Leaving out any pictures, transcribe every record exactly.

.....

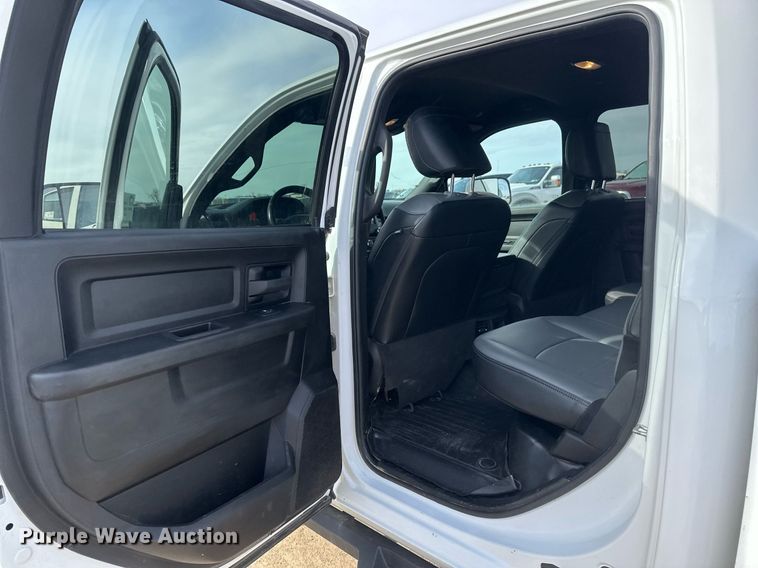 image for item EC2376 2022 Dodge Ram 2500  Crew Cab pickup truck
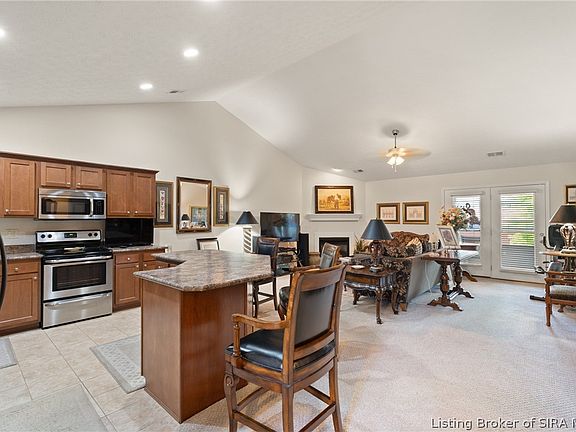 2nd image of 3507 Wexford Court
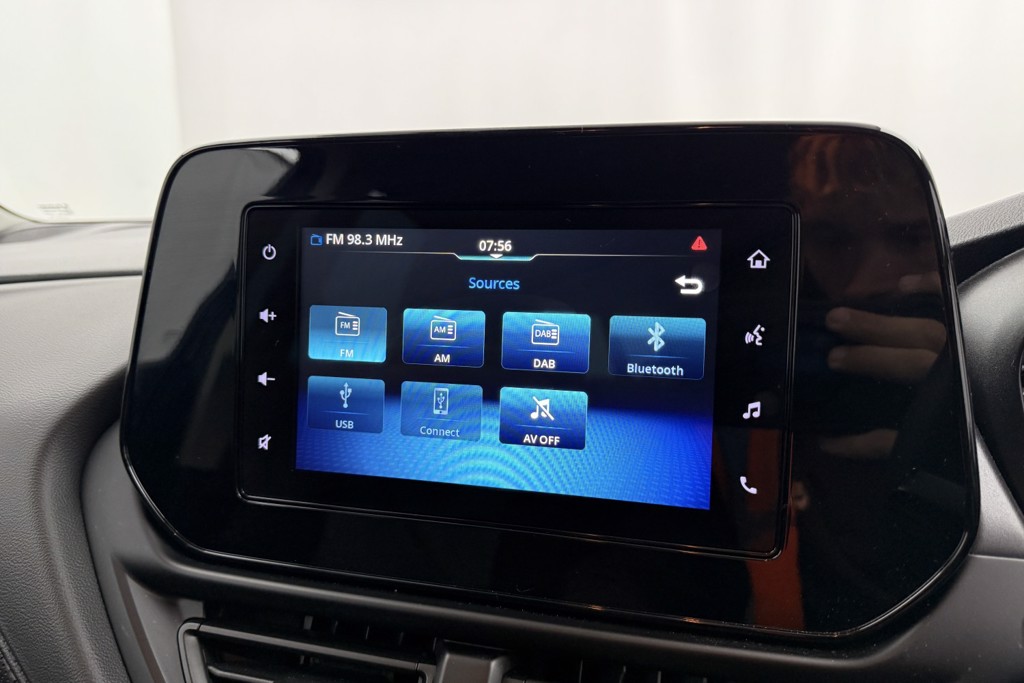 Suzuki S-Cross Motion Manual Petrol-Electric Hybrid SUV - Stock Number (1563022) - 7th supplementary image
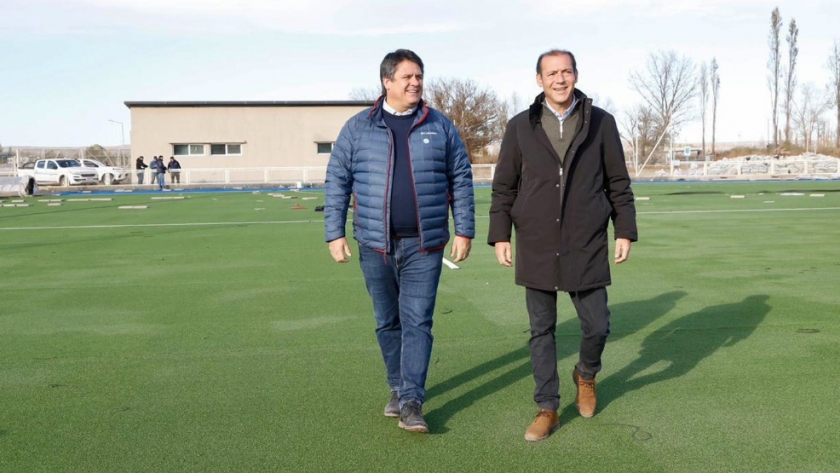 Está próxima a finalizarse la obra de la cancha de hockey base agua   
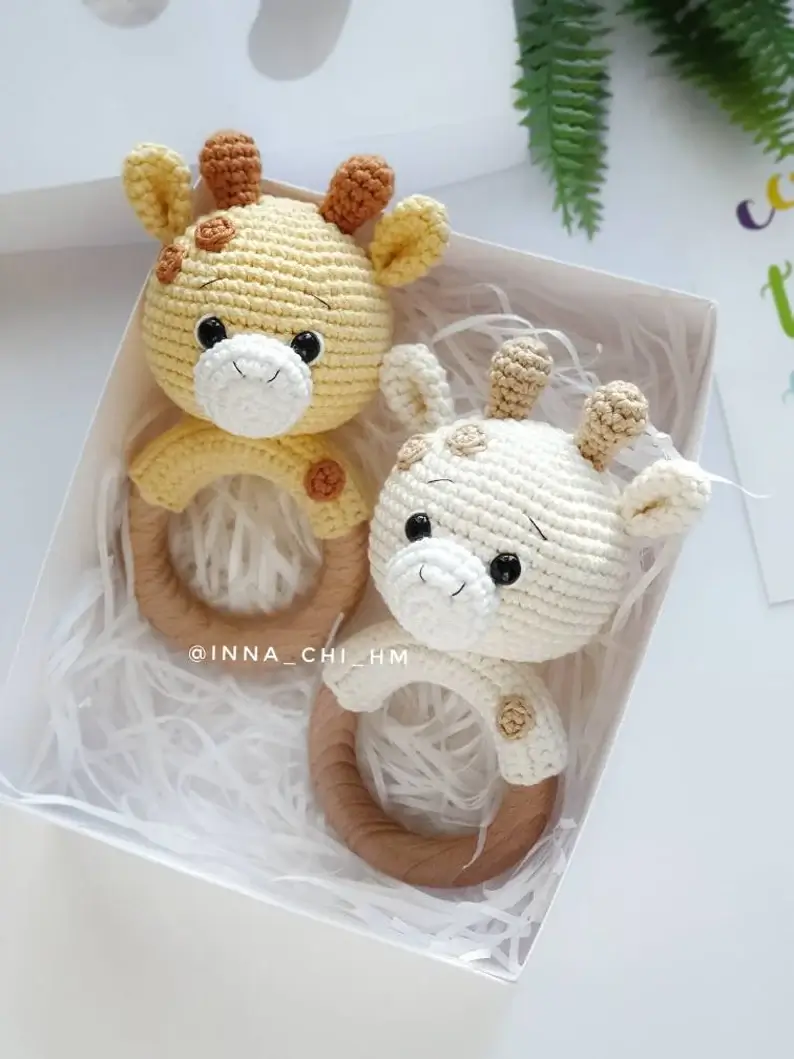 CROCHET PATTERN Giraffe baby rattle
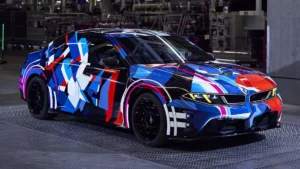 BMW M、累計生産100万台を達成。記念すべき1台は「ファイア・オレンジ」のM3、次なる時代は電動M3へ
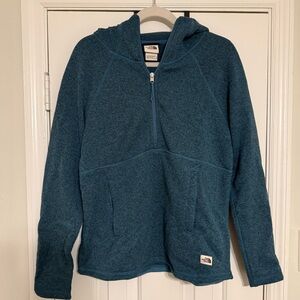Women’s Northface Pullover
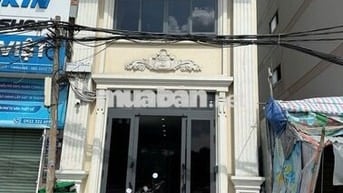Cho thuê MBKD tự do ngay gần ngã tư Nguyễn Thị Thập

.....

[THE ANSWER]
 image for item EC2376 2022 Dodge Ram 2500  Crew Cab pickup truck
 2nd image of 3507 Wexford Court
 Suzuki S-Cross Motion Manual Petrol-Electric Hybrid SUV - Stock Number (1563022) - 7th supplementary image
 Está próxima a finalizarse la obra de la cancha de hockey base agua   
 CROCHET PATTERN Giraffe baby rattle
 BMW M、累計生産100万台を達成。記念すべき1台は「ファイア・オレンジ」のM3、次なる時代は電動M3へ
Women’s Northface Pullover
Cho thuê MBKD tự do ngay gần ngã tư Nguyễn Thị Thập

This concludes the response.